# MTB RAW - Thurs, 4/26/12



## bvibert (Apr 23, 2012)

Anyone up for a RAW on Thursday?  Probably Nass, but maybe the Rez


----------



## o3jeff (Apr 23, 2012)

What time?


----------



## bvibert (Apr 23, 2012)

o3jeff said:


> what time?



raw


----------



## o3jeff (Apr 23, 2012)

bvibert said:


> raw



I'll think about making this ride then.


----------



## powhunter (Apr 23, 2012)

Might be able to swing it if its the res..Cant get to Nass until 6ish

Steveo


----------



## bvibert (Apr 23, 2012)

o3jeff said:


> What time?



5:30 or so


----------



## bvibert (Apr 23, 2012)

powhunter said:


> Might be able to swing it if its the res..Cant get to Nass until 6ish
> 
> Steveo



If other people can make it I'll do the rez, not gonna do it by myself.


----------



## WoodCore (Apr 25, 2012)

I'm in for a Nass ride. Maybe ride out of Sessions?


----------



## bvibert (Apr 25, 2012)

I could be down for sessions or the rez, whichever.  I'm gonna keep an eye on the weather, and see if I can kick this head congestion.  There's no way I'm riding tomorrow if my head feels like it does right now.


----------



## bvibert (Apr 26, 2012)

So, who's riding?


----------



## bvibert (Apr 26, 2012)

I'm planning on riding from Sessions at 5:30ish


----------



## WoodCore (Apr 26, 2012)

A little unsure of the weather so likely heading out to do trail work instead.


----------



## o3jeff (Apr 26, 2012)

bvibert said:


> So, who's riding?



I'm not.


----------



## bvibert (Apr 26, 2012)

WoodCore said:


> A little unsure of the weather so likely heading out to do trail work instead.

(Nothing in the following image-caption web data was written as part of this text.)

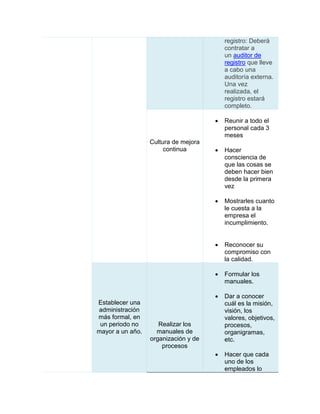 registro: Deberá
contratar a
un auditor de
registro que lleve
a cabo una
auditoría externa.
Una vez
realizada, el
registro estará
completo.
Cultura de mejora
continua
 Reunir a todo el
personal cada 3
meses
 Hacer
consciencia de
que las cosas se
deben hacer bien
desde la primera
vez
 Mostrarles cuanto
le cuesta a la
empresa el
incumplimiento.
 Reconocer su
compromiso con
la calidad.
Establecer una
administración
más formal, en
un periodo no
mayor a un año.
Realizar los
manuales de
organización y de
procesos
 Formular los
manuales.
 Dar a conocer
cuál es la misión,
visión, los
valores, objetivos,
procesos,
organigramas,
etc.
 Hacer que cada
uno de los
empleados lo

Radar looked good last time I checked, of course I haven't been outside all day, so what do I know?


----------



## bvibert (Apr 26, 2012)

Bailing.  Gonna try to get out this weekend instead.


----------



## powhunter (Apr 26, 2012)

FN rain...Riding Lower Meriden with a once every 2 year Mountainbiking AZer

Steveo


----------



## severine (Apr 26, 2012)

powhunter said:


> FN rain...Riding Lower Meriden with a once every 2 year Mountainbiking AZer
> 
> Steveo



o3jeff?


----------



## bvibert (Apr 26, 2012)

severine said:


> o3jeff?



:lol:


----------



## powhunter (Apr 26, 2012)

Nope..No Curly bars allowed up there


----------



## WoodCore (Apr 27, 2012)

Didn't ride but was out in the woods of Nassahegon last night regardless it ended up being a nasty evening. Real foggy with drizzle and cold temps, yuck!  uke:


----------